## Records
= Beginning of Section =

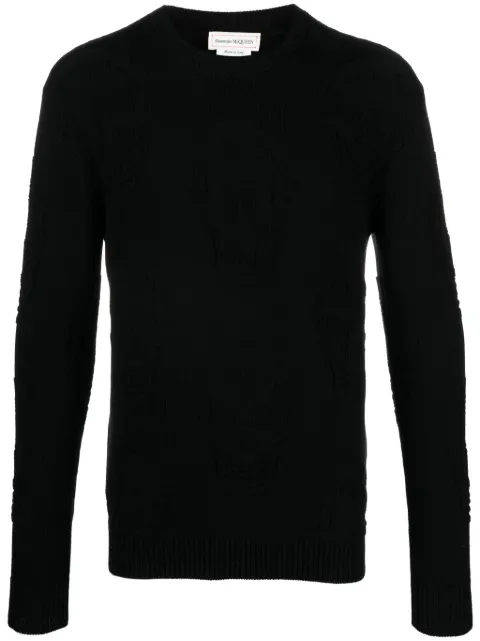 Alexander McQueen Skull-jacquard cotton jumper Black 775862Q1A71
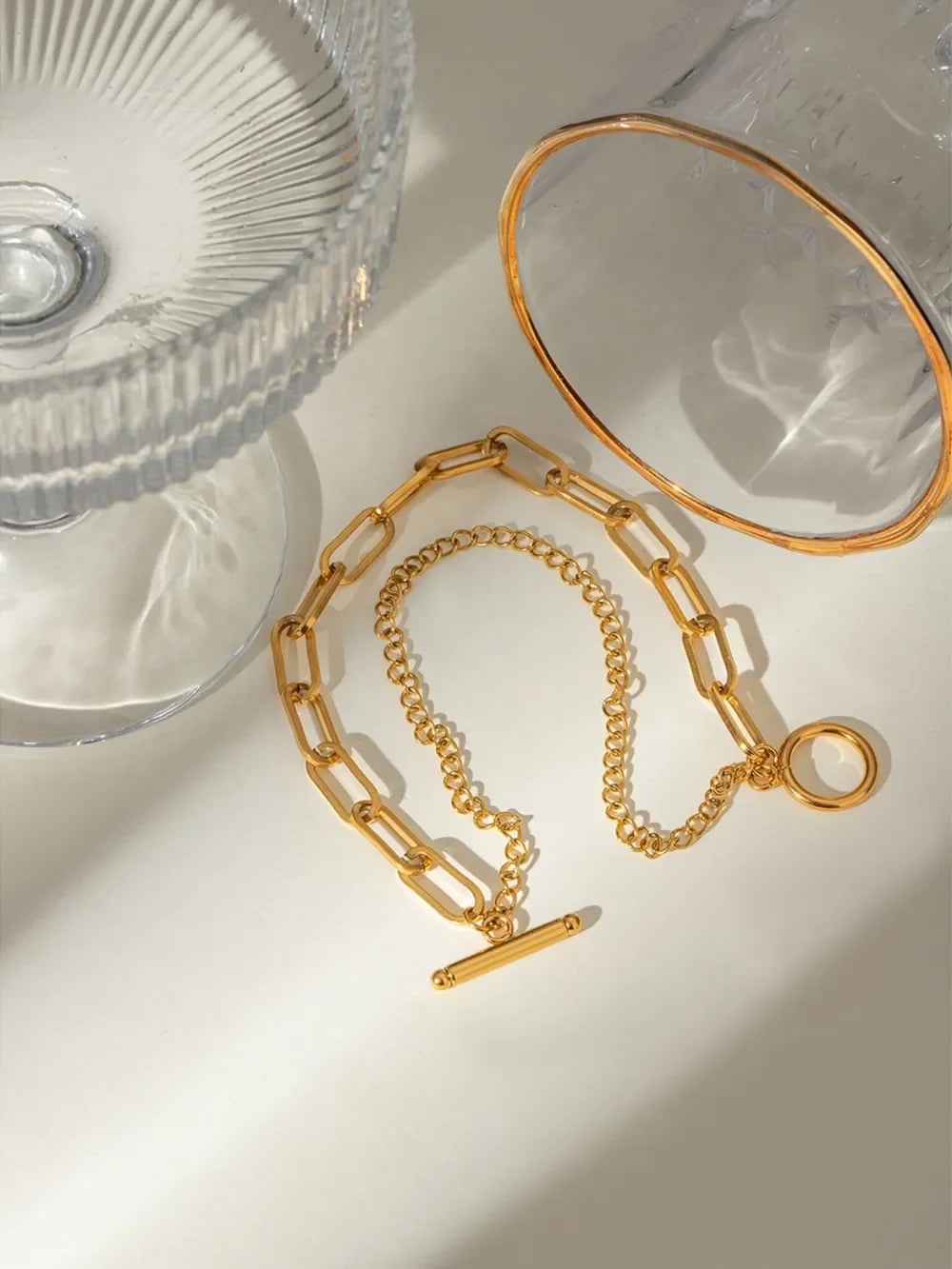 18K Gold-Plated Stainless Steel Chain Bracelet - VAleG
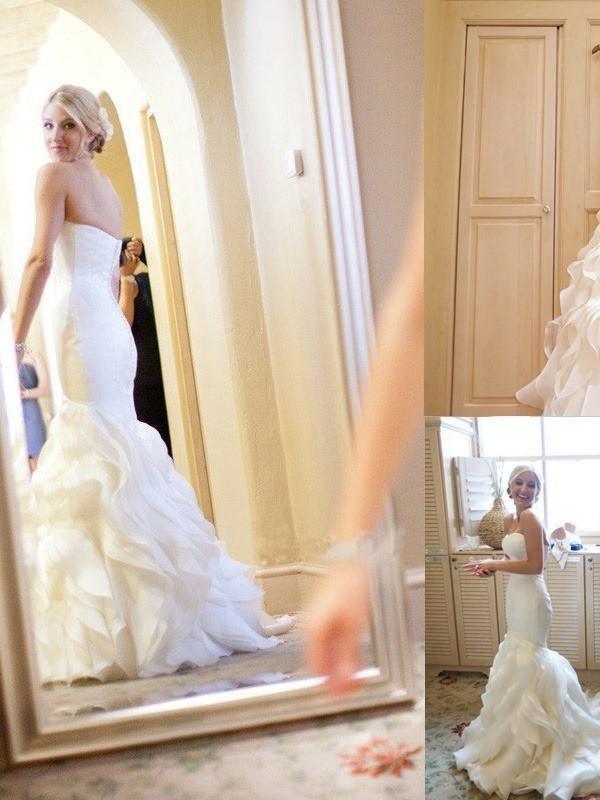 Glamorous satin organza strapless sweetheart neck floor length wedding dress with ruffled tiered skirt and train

= End of Section =
= Beginning of Section =

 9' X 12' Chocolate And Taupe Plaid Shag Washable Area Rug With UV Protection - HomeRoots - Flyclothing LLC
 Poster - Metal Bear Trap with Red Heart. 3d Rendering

= End of Section =

## Action item
Above are some entries; copy exactly the lines from the line with "18K Gold-Plated Stainless" through the line with "Glamorous satin organza", both included, but none of the pictures.

## Exercise solution
 18K Gold-Plated Stainless Steel Chain Bracelet - VAleG
 Glamorous satin organza strapless sweetheart neck floor length wedding dress with ruffled tiered skirt and train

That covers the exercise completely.